Top of Task data

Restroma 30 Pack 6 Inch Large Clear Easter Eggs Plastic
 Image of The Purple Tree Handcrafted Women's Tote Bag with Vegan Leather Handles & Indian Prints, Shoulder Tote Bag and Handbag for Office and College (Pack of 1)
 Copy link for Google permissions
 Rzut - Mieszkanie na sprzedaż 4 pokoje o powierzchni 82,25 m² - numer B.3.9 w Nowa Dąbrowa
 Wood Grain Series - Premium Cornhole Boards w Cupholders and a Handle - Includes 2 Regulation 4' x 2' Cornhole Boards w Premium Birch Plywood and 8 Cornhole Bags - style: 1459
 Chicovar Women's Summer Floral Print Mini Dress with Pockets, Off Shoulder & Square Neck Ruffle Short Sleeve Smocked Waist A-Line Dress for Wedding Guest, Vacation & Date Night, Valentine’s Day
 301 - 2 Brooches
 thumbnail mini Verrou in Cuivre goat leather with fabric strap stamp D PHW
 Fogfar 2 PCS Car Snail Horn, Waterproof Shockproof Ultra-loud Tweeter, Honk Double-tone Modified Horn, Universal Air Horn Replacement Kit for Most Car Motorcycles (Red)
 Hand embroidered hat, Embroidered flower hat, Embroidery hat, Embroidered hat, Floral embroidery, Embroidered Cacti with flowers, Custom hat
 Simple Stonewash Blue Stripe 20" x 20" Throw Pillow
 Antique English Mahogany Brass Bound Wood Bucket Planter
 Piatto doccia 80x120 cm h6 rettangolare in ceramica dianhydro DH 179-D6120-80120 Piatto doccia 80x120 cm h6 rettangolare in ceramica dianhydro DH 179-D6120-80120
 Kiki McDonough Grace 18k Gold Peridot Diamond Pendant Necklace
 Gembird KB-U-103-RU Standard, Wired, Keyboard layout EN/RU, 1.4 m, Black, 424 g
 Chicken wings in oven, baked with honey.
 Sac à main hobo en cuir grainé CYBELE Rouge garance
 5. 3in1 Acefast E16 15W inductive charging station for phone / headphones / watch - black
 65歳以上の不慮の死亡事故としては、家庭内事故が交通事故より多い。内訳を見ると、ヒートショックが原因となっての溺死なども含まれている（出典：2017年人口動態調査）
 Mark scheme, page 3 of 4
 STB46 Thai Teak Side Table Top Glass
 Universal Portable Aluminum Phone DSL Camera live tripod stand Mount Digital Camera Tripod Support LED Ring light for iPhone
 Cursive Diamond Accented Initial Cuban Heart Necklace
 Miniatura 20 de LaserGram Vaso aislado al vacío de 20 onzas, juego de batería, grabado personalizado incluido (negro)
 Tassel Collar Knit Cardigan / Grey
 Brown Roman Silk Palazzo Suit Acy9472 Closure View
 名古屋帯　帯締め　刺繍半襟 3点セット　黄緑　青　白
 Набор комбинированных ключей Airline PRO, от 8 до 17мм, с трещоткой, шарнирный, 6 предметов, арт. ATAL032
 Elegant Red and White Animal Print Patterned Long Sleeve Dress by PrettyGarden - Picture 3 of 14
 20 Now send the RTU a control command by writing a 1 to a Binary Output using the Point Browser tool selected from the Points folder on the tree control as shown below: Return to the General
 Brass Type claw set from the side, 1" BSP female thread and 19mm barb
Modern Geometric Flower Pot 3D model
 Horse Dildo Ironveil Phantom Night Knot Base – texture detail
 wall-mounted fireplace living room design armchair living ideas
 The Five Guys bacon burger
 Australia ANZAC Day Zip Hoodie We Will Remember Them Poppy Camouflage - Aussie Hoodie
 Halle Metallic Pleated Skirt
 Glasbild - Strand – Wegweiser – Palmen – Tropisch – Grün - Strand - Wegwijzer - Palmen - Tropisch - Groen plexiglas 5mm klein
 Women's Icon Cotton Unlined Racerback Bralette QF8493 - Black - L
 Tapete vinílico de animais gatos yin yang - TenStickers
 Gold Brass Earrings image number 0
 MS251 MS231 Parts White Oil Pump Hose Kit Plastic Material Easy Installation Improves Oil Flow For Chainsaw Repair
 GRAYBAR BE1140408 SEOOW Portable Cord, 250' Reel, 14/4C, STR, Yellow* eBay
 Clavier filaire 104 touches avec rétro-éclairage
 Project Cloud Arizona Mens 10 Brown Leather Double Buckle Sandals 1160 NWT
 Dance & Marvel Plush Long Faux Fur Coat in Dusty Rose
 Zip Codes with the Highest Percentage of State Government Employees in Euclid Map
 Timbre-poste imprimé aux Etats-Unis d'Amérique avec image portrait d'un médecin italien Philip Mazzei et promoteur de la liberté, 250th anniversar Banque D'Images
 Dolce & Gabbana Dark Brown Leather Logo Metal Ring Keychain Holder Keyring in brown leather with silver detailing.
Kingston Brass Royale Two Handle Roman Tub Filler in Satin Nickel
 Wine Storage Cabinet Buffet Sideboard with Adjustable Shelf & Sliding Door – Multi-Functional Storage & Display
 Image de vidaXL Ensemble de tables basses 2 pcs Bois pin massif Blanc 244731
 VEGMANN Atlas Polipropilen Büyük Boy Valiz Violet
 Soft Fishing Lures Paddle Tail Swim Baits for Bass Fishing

Bottom of Task data

Work instruction: Nothing should be returned except the lines from the first line of the data above through the line with "Fogfar 2 PCS", each one exact.

Answer to this problem:
Restroma 30 Pack 6 Inch Large Clear Easter Eggs Plastic
 Image of The Purple Tree Handcrafted Women's Tote Bag with Vegan Leather Handles & Indian Prints, Shoulder Tote Bag and Handbag for Office and College (Pack of 1)
 Copy link for Google permissions
 Rzut - Mieszkanie na sprzedaż 4 pokoje o powierzchni 82,25 m² - numer B.3.9 w Nowa Dąbrowa
 Wood Grain Series - Premium Cornhole Boards w Cupholders and a Handle - Includes 2 Regulation 4' x 2' Cornhole Boards w Premium Birch Plywood and 8 Cornhole Bags - style: 1459
 Chicovar Women's Summer Floral Print Mini Dress with Pockets, Off Shoulder & Square Neck Ruffle Short Sleeve Smocked Waist A-Line Dress for Wedding Guest, Vacation & Date Night, Valentine’s Day
 301 - 2 Brooches
 thumbnail mini Verrou in Cuivre goat leather with fabric strap stamp D PHW
 Fogfar 2 PCS Car Snail Horn, Waterproof Shockproof Ultra-loud Tweeter, Honk Double-tone Modified Horn, Universal Air Horn Replacement Kit for Most Car Motorcycles (Red)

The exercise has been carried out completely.